Giving teachers a voice: Interview with the ETF's Julian Stanley


Julian Stanley has been coordinating the ETF’s thinking on vocational education and training (VET) teachers and trainers since 2014, with a special focus on their professional development. His own professional experience makes him well suited for the role. After working as a vocational education teacher and manager himself, he joined the University of Warwick in the United Kingdom. There, he concentrated on the relationship between education and industry, conducting research into the development of curricula, qualifications and pedagogies. But it is perhaps Julian’s previous role as a VET trainer that really marks him out. Giving teachers a voice in educational policy and reform has been a constant theme of his work ever since. 

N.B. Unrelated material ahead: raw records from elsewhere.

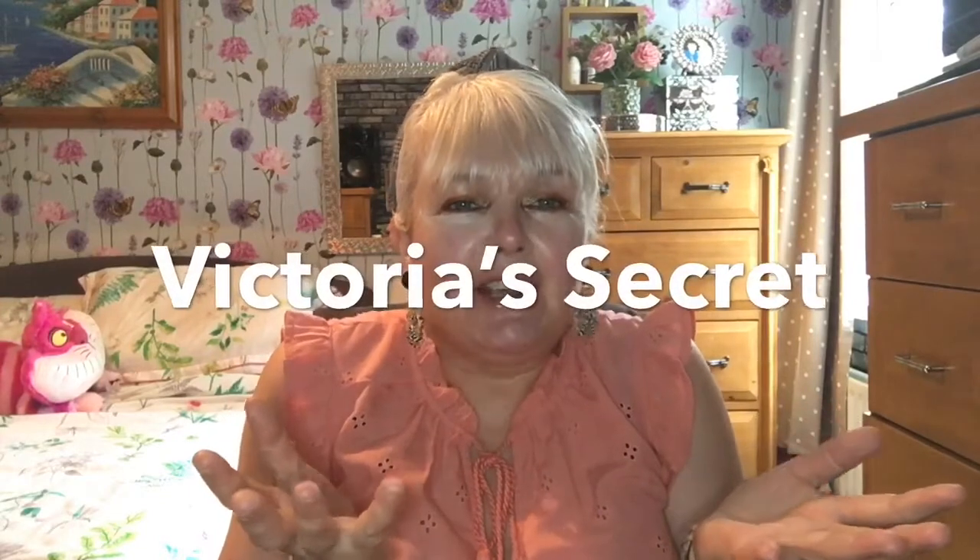Hello there, welcome back to my channel. I've got a Victoria's Secret haul! I've been shopping online at Victoria's Secret, which I've never done before. I was watching Anna Saccone Jolie and she had got a t-shirt and a couple of other things in the sale at Victoria's Secret, and I thought I'd pop on and have a look. Then I went a bit mad and got quite a few things.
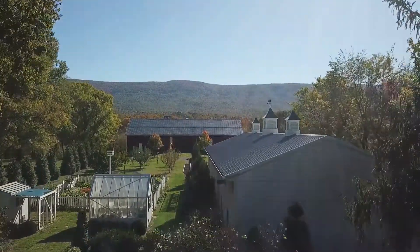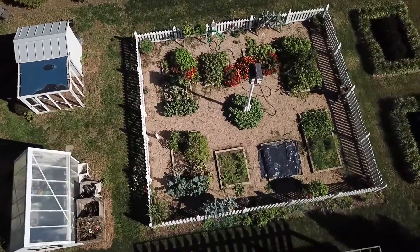My husband is really into gardening and here they had greenhouses available. We could choose any size, any look, and any design we wanted for our property to have a greenhouse on the property.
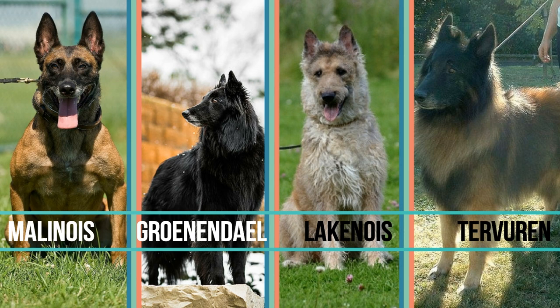The third Belgian Shepherd, the Laekenois, is the rarest of all. He has a short, curly and wiry coat. On the other hand, the most popular one, the Belgian Malinois, is the short-coated version of the Belgian Shepherd.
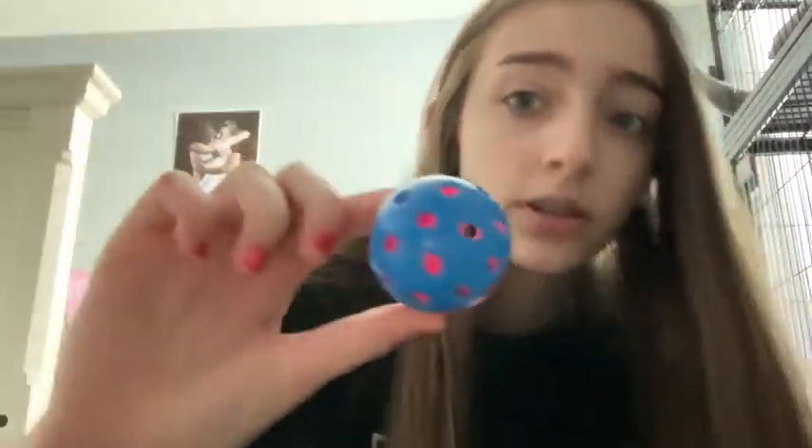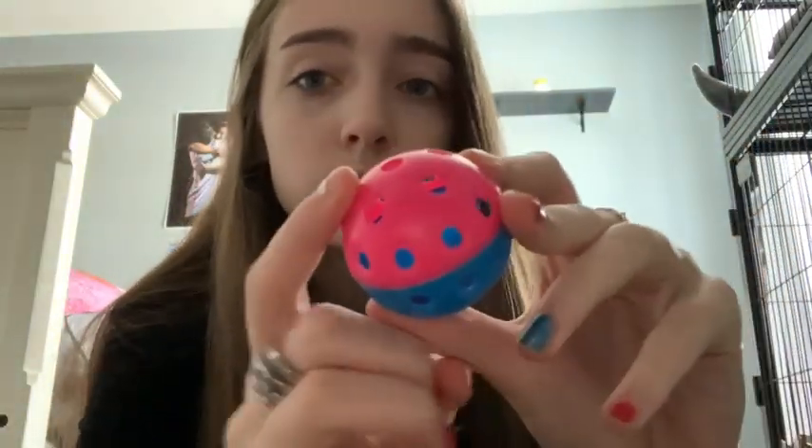Next thing I have in here is just a little play ball that they like playing with. This one has little holes in it so they can bite it and throw it, which they actually do. We also have this one — I have two of these but the other one's somewhere. It's just a little ball.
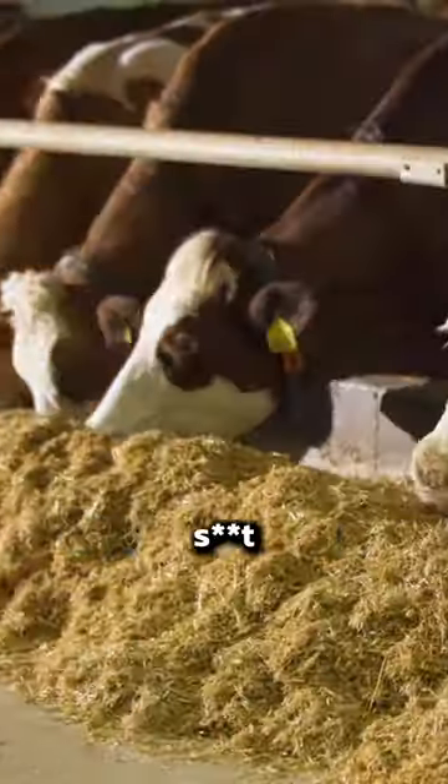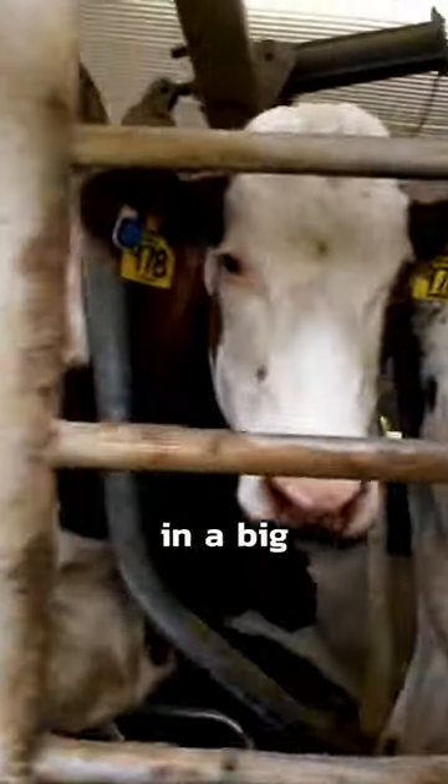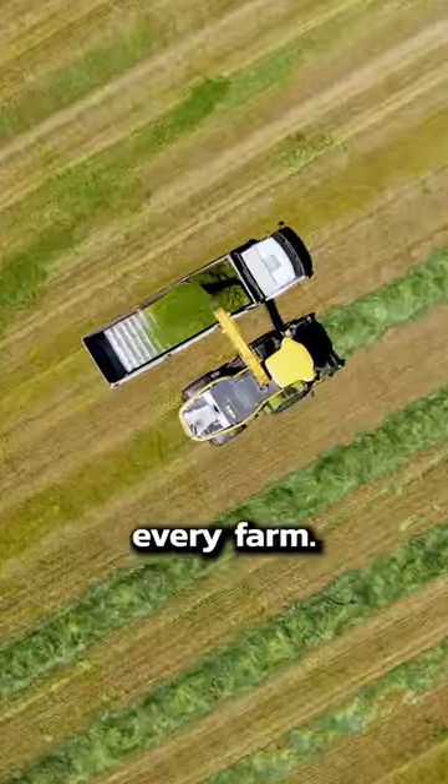How would you get rid of literally thousands and thousands of flies at a factory? That's the problem these guys had at this dairy farm here in the Upper Midwest. Droppings from the hundreds of cows resulted in a big fly problem. This kind of thing happens at every farm.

“People are starting to wake up to how teachers feel,” he says. “They’re real people, just like you and me. They’re not just tools to do the will of policy-makers.” 

Listening to teachers 

That insight was the driving force behind the recent large-scale survey that Julian developed and ran for the ETF, entitled Listening to Vocational Teachers and Principals. The results of its second cycle – conducted in Albania, Algeria, Belarus, Kosovo, Moldova, Montenegro, Serbia, Tunisia and Turkey between 2018 and 2019 – were published in 2021. “The idea was listening to how VET teachers and principals perceived their experiences and needs, and discovering how reforms were impacting them,” says Julian.  

Essential resource 

If that approach appears to turn the classic top-down approach to policy-making on its head, it is entirely intentional. “Teachers and trainers are the critical resource for successful education and training,” Julian explains. “If you want to make changes, you need to have them on board.”  

That realisation is gaining more traction today, partly as a result of the COVID pandemic. “The experience of the pandemic put teachers under such pressure that they got a bit disillusioned,” says Julian. “It gave them a lot of extra work, they felt unsupported, and they let the world know. That marked a critical shift. It undermined the assumption that you can just go on asking teachers to do more and more.” 

Fostering engagement 

So how can we foster teacher engagement with the far-reaching transitions underway in the modern world? For Julian, the answer is by addressing their professional development. “It’s critical,” he explains. “We have to empower and enable teachers to address the problem, whatever it is.” 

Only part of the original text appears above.